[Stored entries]
——

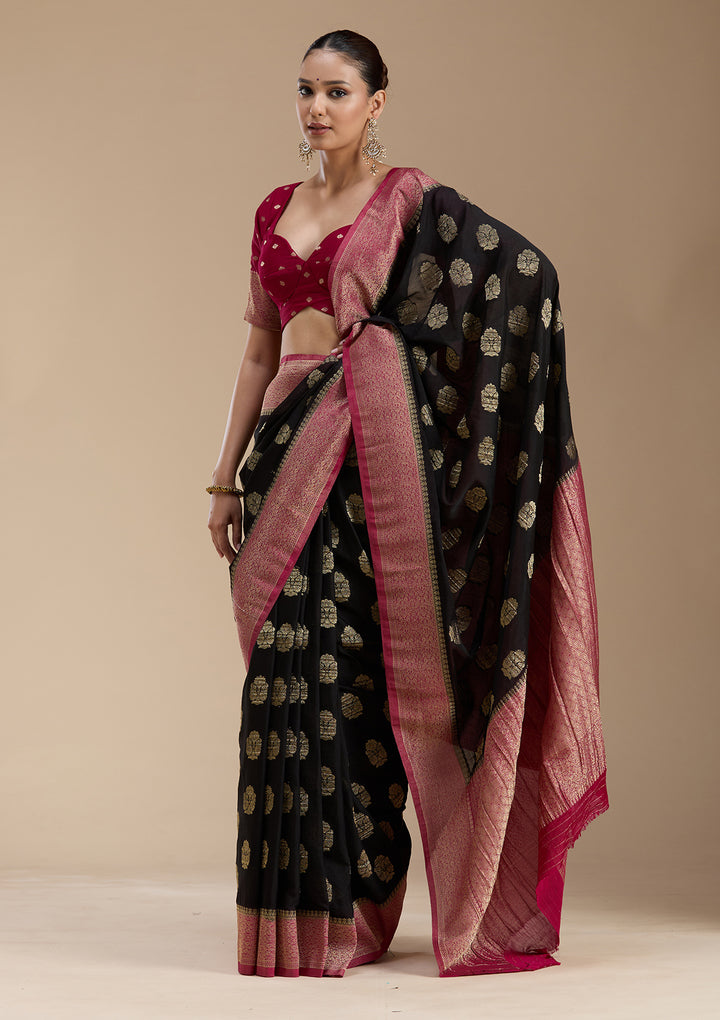 Black Zariwork (Gold) Georgette Silk_Saree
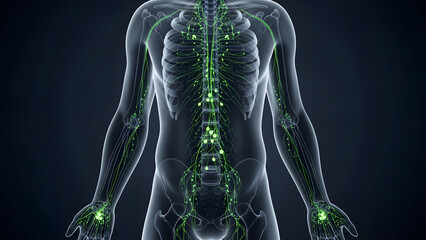 Human lymphatic system anatomy to promote health and wellness, visualizing the body's natural defenses and immune response for medical education and awareness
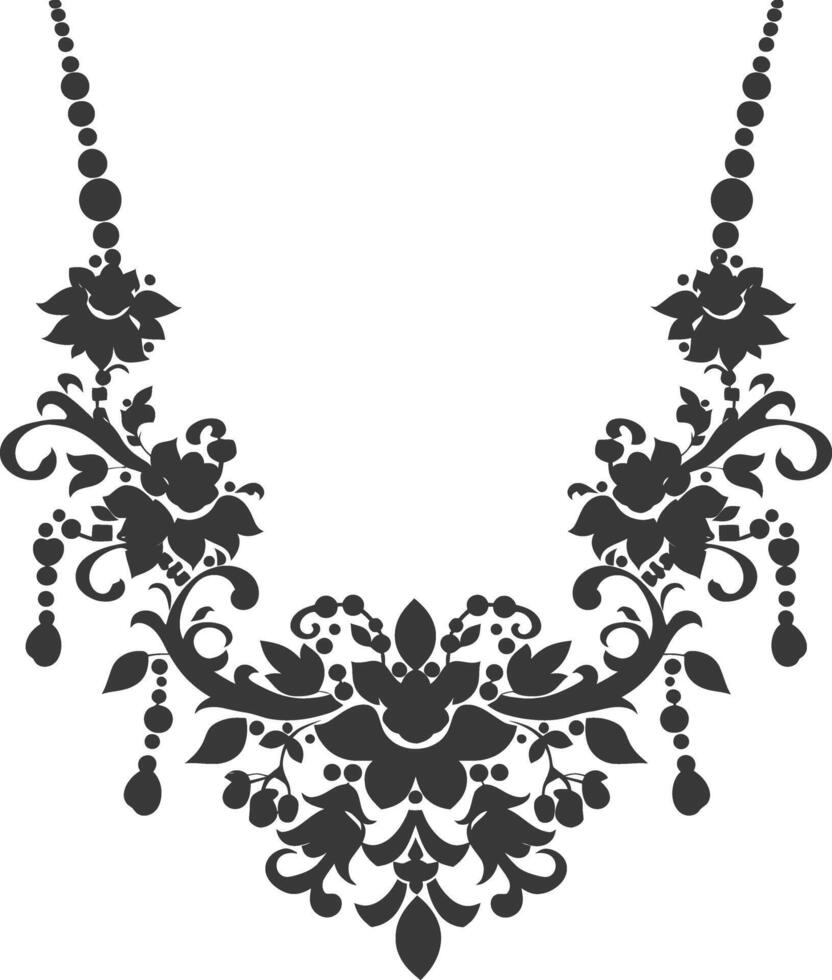 Silhouette jewelry necklace accessories black color only vector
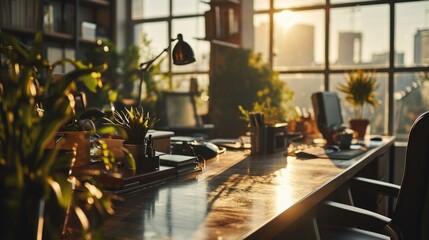 Sticker - An office with a desk and plants in front of a window. Generative AI.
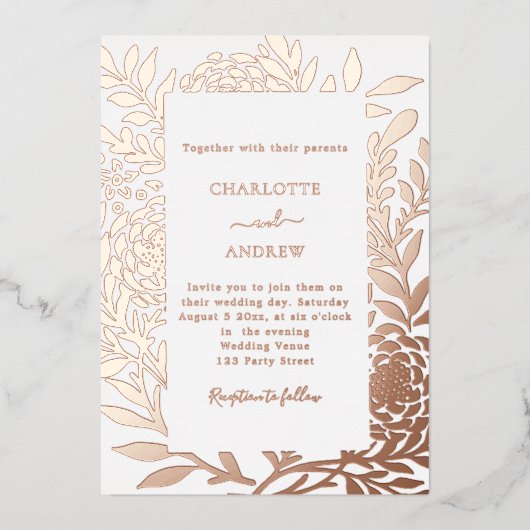 Rose gold botanical luxury wedding folie uitnodiging (Voorkant)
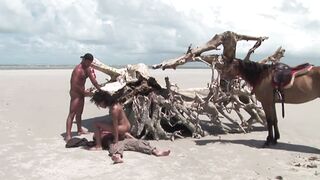 Latina with natural tits enjoys outdoor threesome with big cocks and kissing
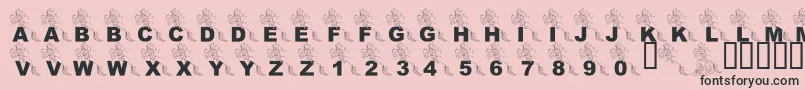 Fonte LmsPartOfTheFontWorld – fontes pretas em um fundo rosa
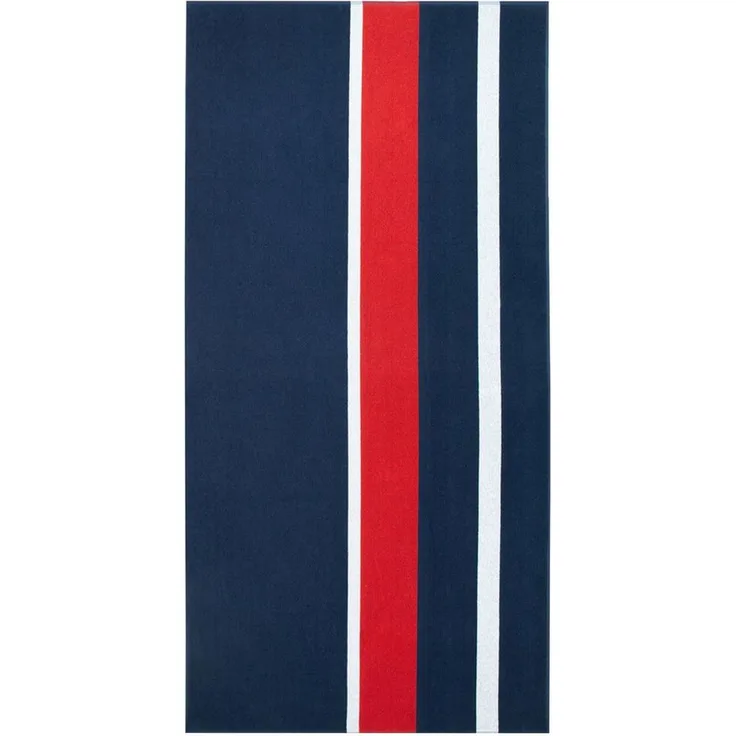 ZOLLNER Strandtuch, Glattvelours (1-St), 100 x 200 cm, 100% Baumwolle, blau-weiß-rot gestreift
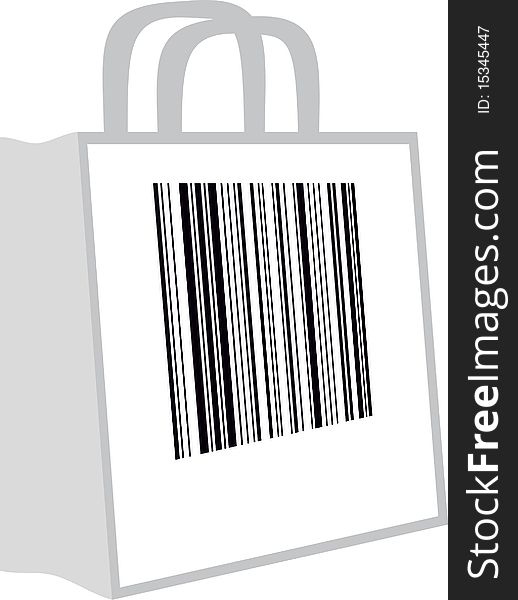 Illustration of a bag with a barcode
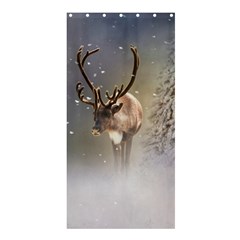 Santa Claus Reindeer In The Snow Shower Curtain 36  X 72  (stall) by gatterwe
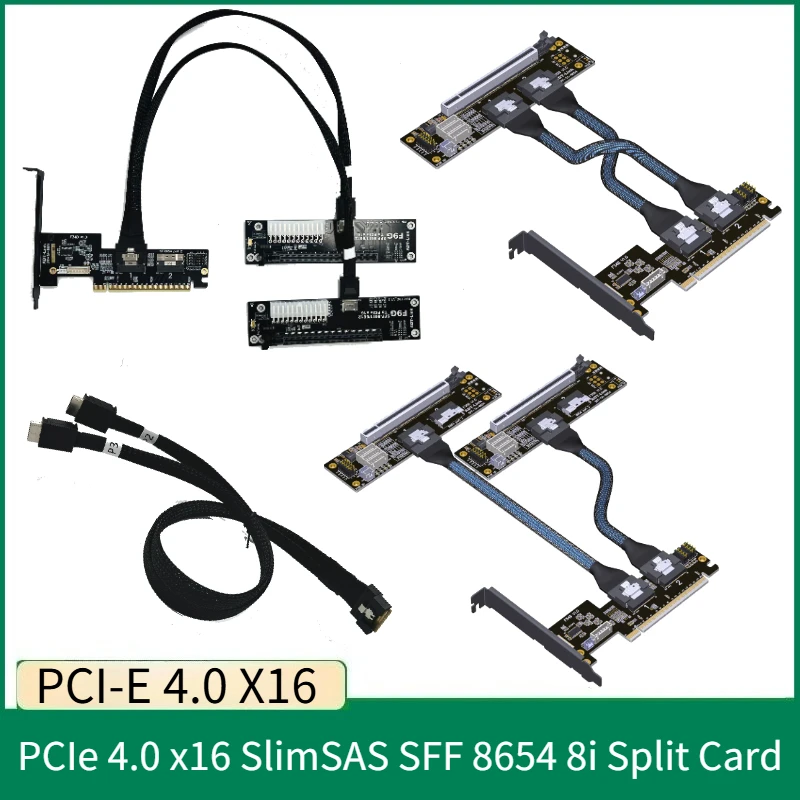 

От 1 до 2 PCIe 4,0 x16 SlimSAS SFF 8654 8i Видеокарта Разделенная плата Riser GEN4 PCI-E X16 до X8 X8 Расширение бифуркации SFF-8654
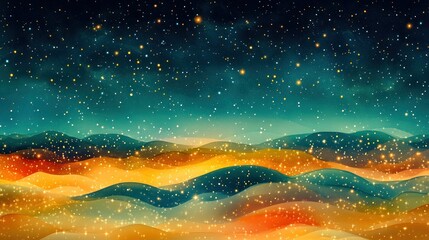 Whimsical Starscape: An Abstract Landscape of Celestial Dreams and Shimmering Light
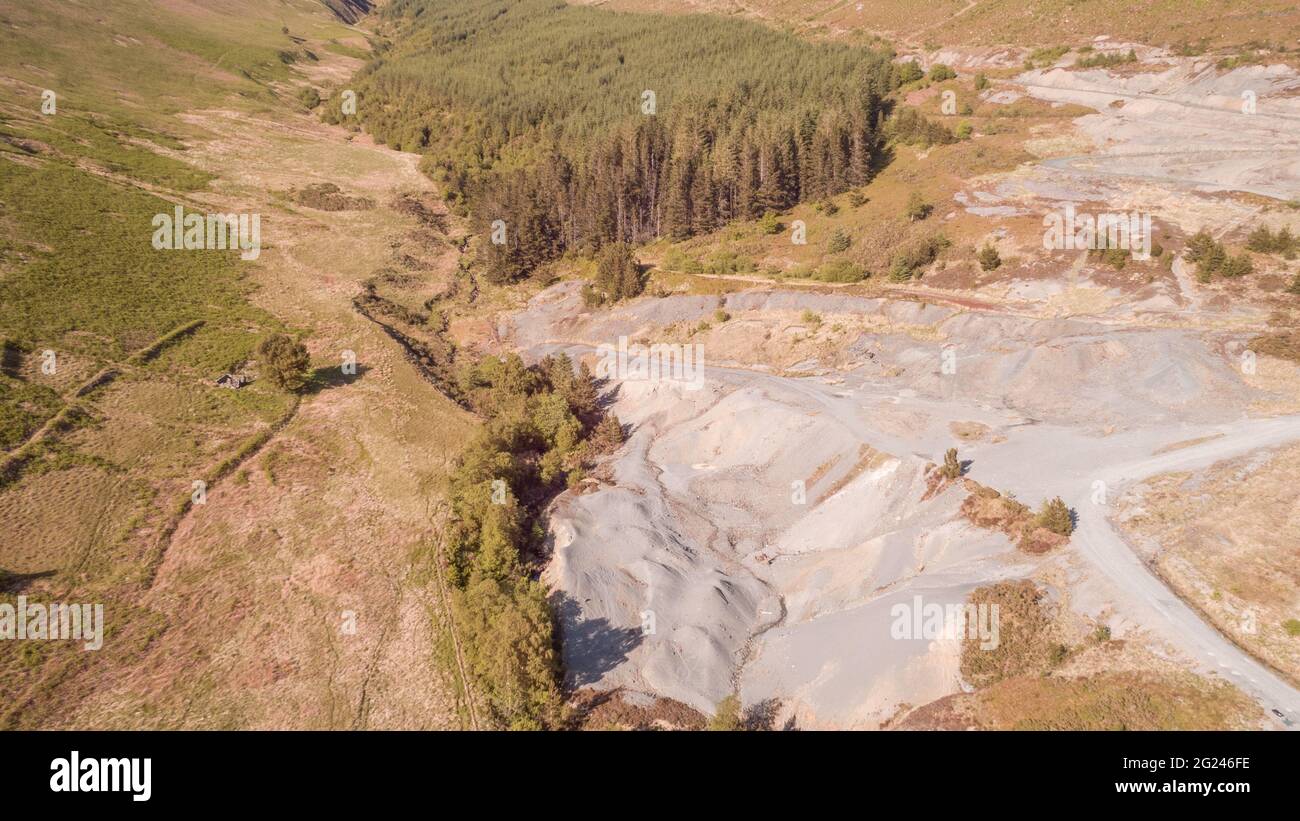 Aerial view of Nant y Bai disused lead mine, Rhandirmwyn, Wales, UK Stock Photo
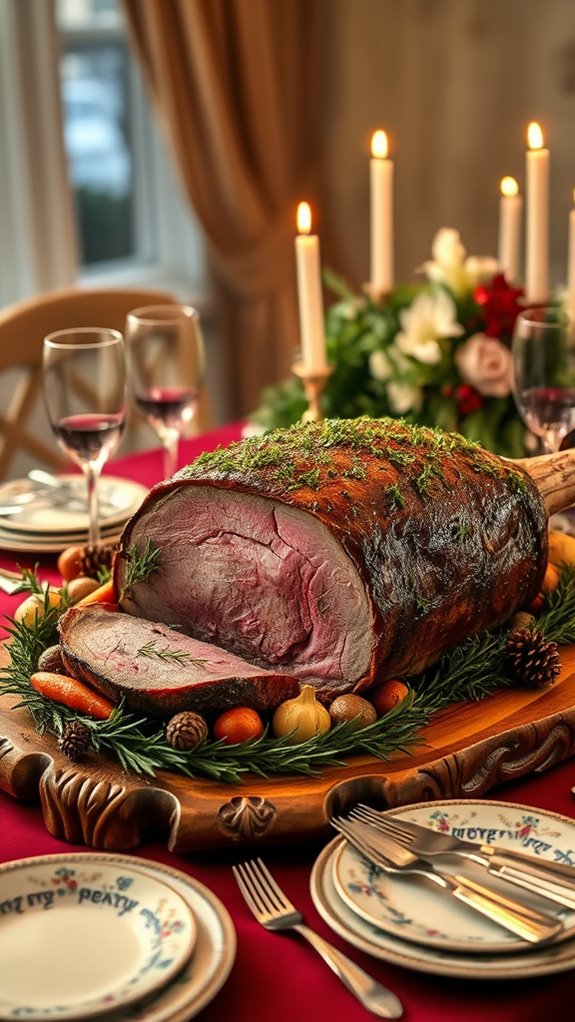 seasoned herb crusted prime rib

——

Using the records above, reproduce exactly the lines from the line containing "Illustration of a bag with a barcode" through the last line, with both ends kept and no pictures.

 Illustration of a bag with a barcode
 Santa Claus Reindeer In The Snow Shower Curtain 36  X 72  (stall) by gatterwe

От 1 до 2 PCIe 4,0 x16 SlimSAS SFF 8654 8i Видеокарта Разделенная плата Riser GEN4 PCI-E X16 до X8 X8 Расширение бифуркации SFF-8654
 Whimsical Starscape: An Abstract Landscape of Celestial Dreams and Shimmering Light
 Aerial view of Nant y Bai disused lead mine, Rhandirmwyn, Wales, UK Stock Photo
 seasoned herb crusted prime rib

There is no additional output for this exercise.